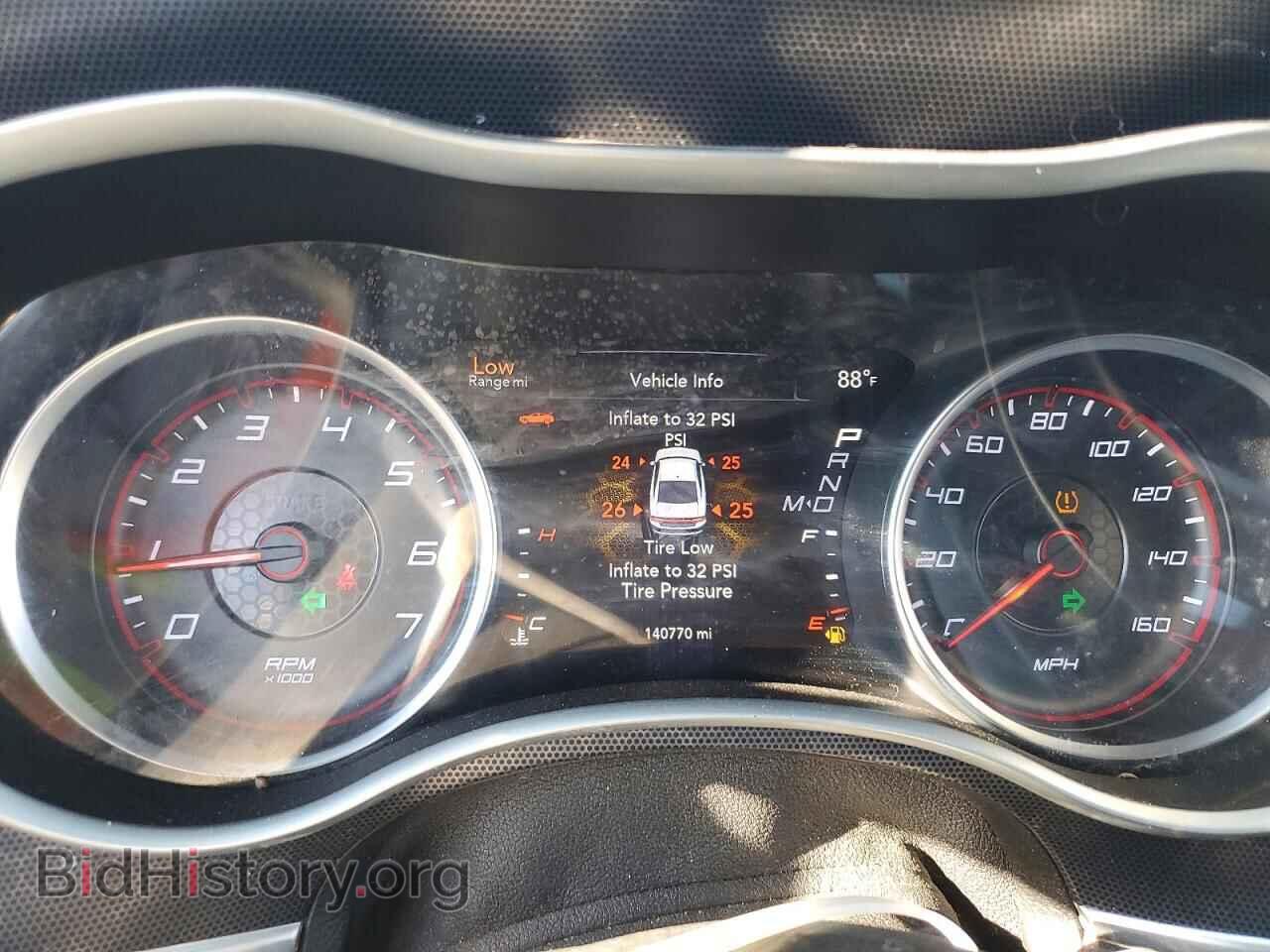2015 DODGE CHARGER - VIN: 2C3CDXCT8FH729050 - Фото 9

* * *

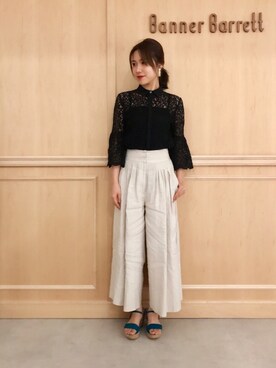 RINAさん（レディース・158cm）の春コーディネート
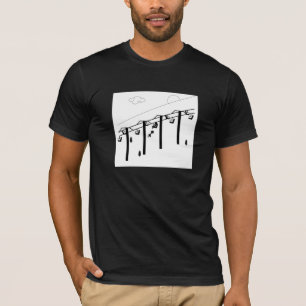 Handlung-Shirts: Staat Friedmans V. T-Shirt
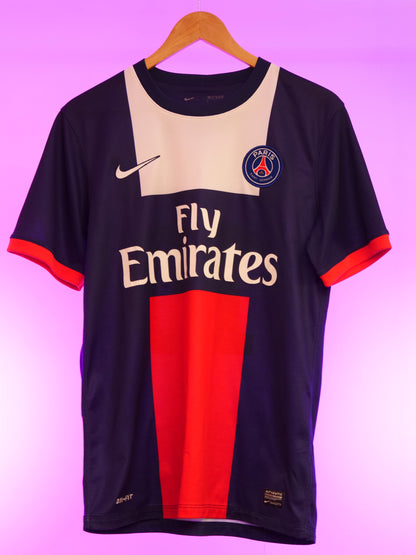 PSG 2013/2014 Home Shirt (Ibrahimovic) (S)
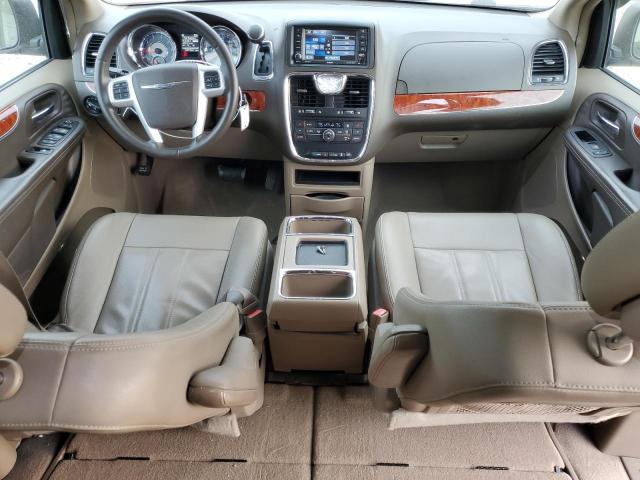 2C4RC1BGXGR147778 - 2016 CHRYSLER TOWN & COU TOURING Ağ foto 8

**WHAT THE TASK ASKS:** In the listing above, find the line with "RINAさん（レディース・158cm）の春コーディネート" and output every line through the one with "2C4RC1BGXGR147778 - 2016", exactly, without the pictures.

**OUTPUT OF THE TASK:**
 RINAさん（レディース・158cm）の春コーディネート
 Handlung-Shirts: Staat Friedmans V. T-Shirt
 PSG 2013/2014 Home Shirt (Ibrahimovic) (S)
 2C4RC1BGXGR147778 - 2016 CHRYSLER TOWN & COU TOURING Ağ foto 8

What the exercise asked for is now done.